OpenTSDB/asynchbase

OpenTSDB 2.3 not working with Kerberized CDH 5.9

sagonfor7 opened this issue · 5 comments

I am unable to get OpenTSDB 2.3 working against a fully Kerberized CDH 5.9 cluster - specifically, if I set RPC protection to 'privacy' then I see this error (see below). Backing off to 'authentication' makes the error go away, however I can't work with this solution as the data is then not encrypted on the wire, which for us is a requirement. The CDH cluster is behaving normally in all other respects.

Looking at the code it seems like there might be a read/write index snafu of some kind in RegionClient.encode which then causes the problem when the buffer is prepared for wrapping in the helper.

11:38:37.285 INFO [SecureRpcHelper96.handleResponse] - SASL client context established. Negotiated QoP: auth-conf on for: RegionClient@1058994674(chan=null, #pending_rpcs=1, #batched=0, #rpcs_inflight=0)
11:38:37.286 ERROR [RegionClient.exceptionCaught] - Unexpected exception from downstream on [id: 0xc949aed4, /10.0.1.53:39631 => /10.0.1.67:60020]
java.lang.IndexOutOfBoundsException: Not enough readable bytes - Need 191, maximum is 179
at org.jboss.netty.buffer.AbstractChannelBuffer.checkReadableBytes(AbstractChannelBuffer.java:668) ~[netty-3.9.4.Final.jar:na]
at org.jboss.netty.buffer.AbstractChannelBuffer.readBytes(AbstractChannelBuffer.java:338) ~[netty-3.9.4.Final.jar:na]
at org.jboss.netty.buffer.AbstractChannelBuffer.readBytes(AbstractChannelBuffer.java:344) ~[netty-3.9.4.Final.jar:na]
at org.hbase.async.SecureRpcHelper.wrap(SecureRpcHelper.java:235) ~[asynchbase-1.7.2.jar:na]
at org.hbase.async.RegionClient.encode(RegionClient.java:1385) ~[asynchbase-1.7.2.jar:na]

Ok, having looked into it a bit further I'm pretty sure the buffer handling code here is suspect in SecureRpcHelper. We're asking ChannelBuffer to populate a byte array with an array sized by the position of the write index into the ChannelBuffer, but that index bears no real relation to the number of readable bytes which is (writeindex - readindex). Unfortunately for us, netty explicitly checks that it's able to read enough data to fill whatever you give it and throws the above exception otherwise. I think the solution is to use readableBytes() as the array dimension - unless we deliberately want a larger array for reasons I don't understand, in which case you can't use netty's readBytes to do it.

I've patched this on my cluster and now I'm SASLing properly. Happy to do a pull request if you like.

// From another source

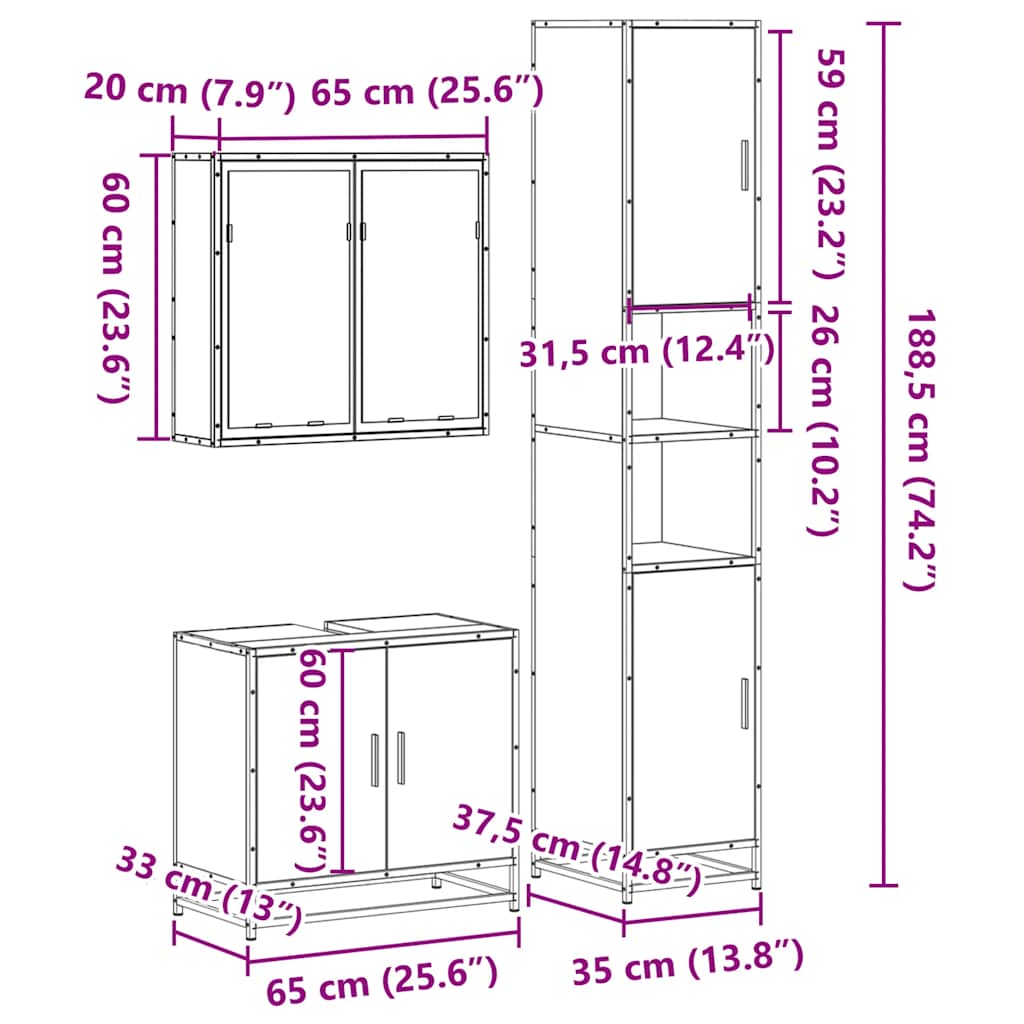 3 Piece Bathroom Furniture Set Engineered Wood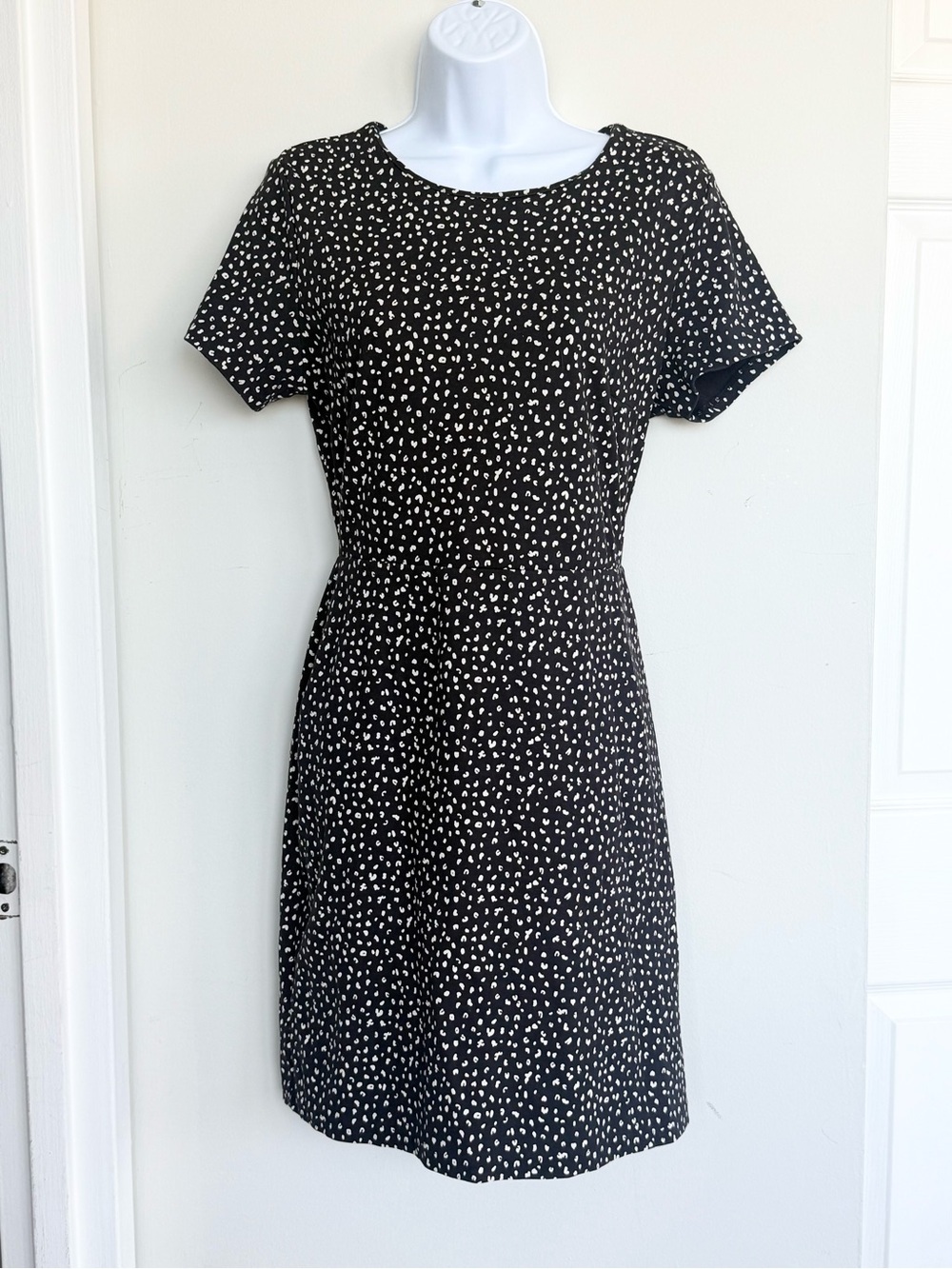 Old Navy Black Mini Dress with White Spot Print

However, I'm now on to the next problem, which several other people have raised, which is about a Broken Pipe being raised later in the process. So no OpenTSDB on secure Hadoop for me yet :-(

Hmm, yeah I think you definitely found the issue in the SecureRpcHelper. If you have a patch please do send it along. The netty replays are a bear to work with.

And do you have some example broken pipes and errors that appear before them? Thanks!

Hey, I am also facing the "Broken Pipe" issue after performing the fix for SecureRpcHelper.
The env I am working on is HDP 2.5.3

The HBase Region Server drops the TSDB connection, and here is what I see in the Region Server logs:-

2017-03-28 15:24:34,332 DEBUG [RpcServer.reader=1,bindAddress=xxxxx.xxxx.xxx.com,port=16020] ipc.RpcServer: RpcServer.listener,port=16020: Caught exception while reading:Problems unwrapping SASL buffer
2017-03-28 15:24:34,332 DEBUG [RpcServer.reader=1,bindAddress=xxxxxxx.xxxx.xxx.com,port=16020] ipc.RpcServer: RpcServer.listener,port=16020: DISCONNECTING client x.x.x.x:58603 because read count=-1. Number of active connections: 1

Hi, I'm trying to run OpenTSDB 2.4.0RC2 with asynchbase 1.8.0 with SecureRPCHelper.java patched as described by @nameeshambardar, and also run into a "Broken pipe" exception as mentioned by @sagonfor7 and @nameeshambardar. The stacktrace is roughly the same as the one shared by @nameeshambardar

Our HBase version is HBase 1.2.0-cdh5.13.0, with Kerberos enabled and hbase.rpc.protection security level set to privacy (auth-conf). Downgrading protection to authentication only is not an option.

Did anyone already find a workaround/fix to use OpenTSDB with a secured HBase? Is this an issue that is already being worked on?

Hi folks, try the "master" branch now please and let me know how this goes for you.